In the 80s and 90s, corporate publishing realized the monetization potential of convincing the public that it needed new books to replace the old, especially in the area of textbooks. Now Big Digital rubs its hands at the prospect of its delicate machinery needing to be upgraded every two years — and obviously, its software.
Anyway, I thought we knew that flickering blue lights are inimical to the child's development?
Real Hugs
I was just remembering the kind of hugs I got when I was a child and hoping that in our weird, disembodied time, people are not forgetting what it feels like.
We are all so worried about managing our children (rather than just disciplining them) that I am afraid we are getting stressed out and may not know the importance — and joy — of giving your child a big hug — let him have a chance to breathe you in – once in a while grab him and give him a hug that rocks him from side to side. Let him have a chance to breathe in and out for a bit while you hold him. Let him let go and then give one more squeeze.

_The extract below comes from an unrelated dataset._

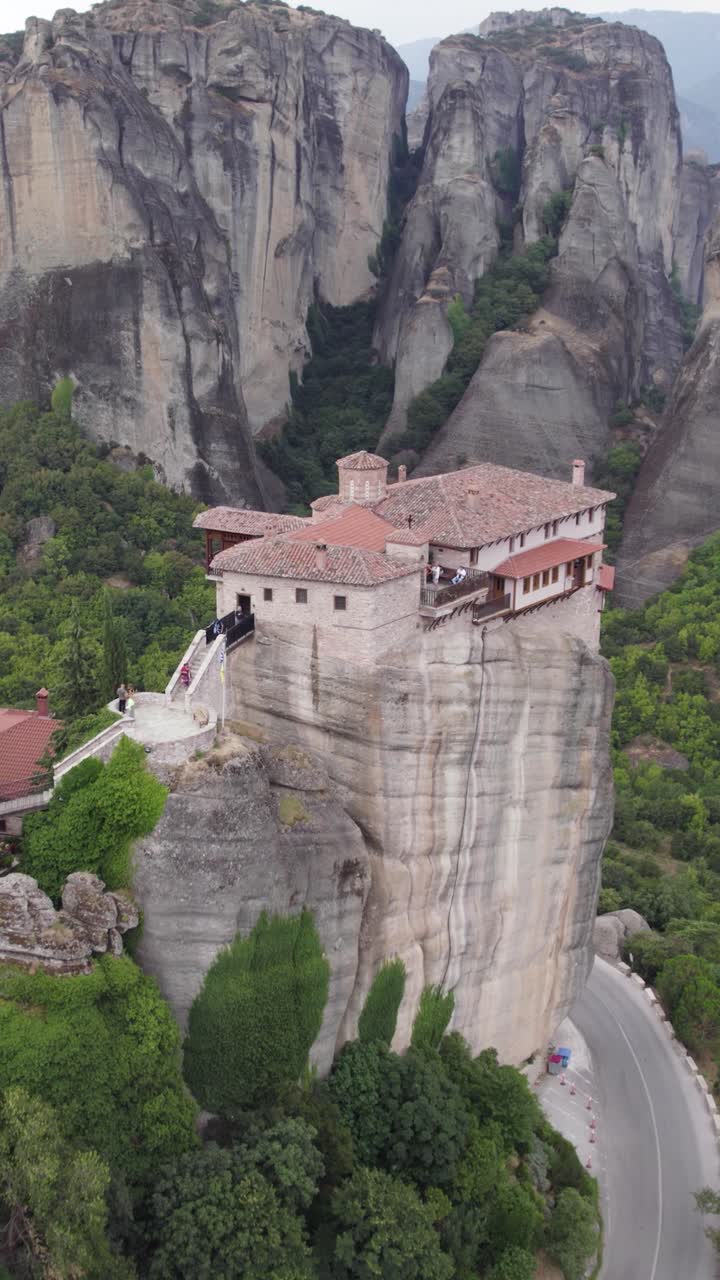 Vertical flyover revealing the monastery complex of Rousanou, perched on Meteora’s cliffs, with sweeping views of the valley below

My parenting philosophy: Strict and affectionate! Really affectionate!
Quilting Corner
In my defense I have also been knitting (and will show you soon what I've made!). But at least I started on the sashing!
bits & pieces
- So far The Chief and I are enjoying 100 Days of Dante, a guided course on that epic poem. I studied it in a year-long course in college, but was sadly not formed enough in any aspect of it to get the most out of it then, though I am surprising myself with how much I do remember after more than 40 years! I would consider this course, if accompanied by close reading, including reading aloud, of the actual text along with discussion, a completely valid segment of a high-schooler's literature curriculum. I recommend Anthony Esolen's translation of the poem, as well as Dorothy Sayers‘ (which, however, was not completed before her death). (Affiliate links.)
- I love the St. Margaret of Scotland Guild of Our Lady of Walsingham, preserving and teaching liturgical needle arts for the generations! Their work is beautiful! (Let the page load and you will see, I hope, a short video of what they make: needlepoint prayer kneeler cushions.)
My friend Jennifer has made two such prayer cushions.
This one with the traditional pelican image:
And this one, which she completed just before her daughter's wedding, for the couple to kneel upon:
And her daughter sent this image, seen on her honeymoon, of a prayer cushion in Fairford, England:
- Cranky, but true: Taylor Swift’s Popularity Is A Sign Of Societal Decline
from the archives
- Modesty, another habit that, learned early, prevents a lot of anguish later. “For parents, the challenge with girls is to give them the gift of modesty, which includes protecting their bodies with clothing that is attractive and useful but not revealing. The challenge with boys is to give them enough awareness of their surroundings that they are able to choose the right clothing for the situation, so that they project responsibility and a desire to protect. This is the gift of chivalry.”
- The “gentle parenting” movement — just re-hashed, failed 60s-era disruption — reminds me to say, have a look at my discipline posts, or buy my book for its organization of this topic and index. Here's one post: Don't Wear Your Child's Name Out
liturgical living
St. Peter Claver — the takeaway we normally get is to attend to people's bodily needs before trying to offer them religion, and what strikes me is how immediately the two caring actions followed, the one upon the other, in the case of today's saint. And how effective he was! Our idea of mission today would have us never mentioning the need for salvation; his idea was to rescue the person from actual death, but not much more, before beginning to impart words of sin, repentance, and redemption. And he converted three hundred thousands in this way! (Scroll down to his own account of what he did, here.)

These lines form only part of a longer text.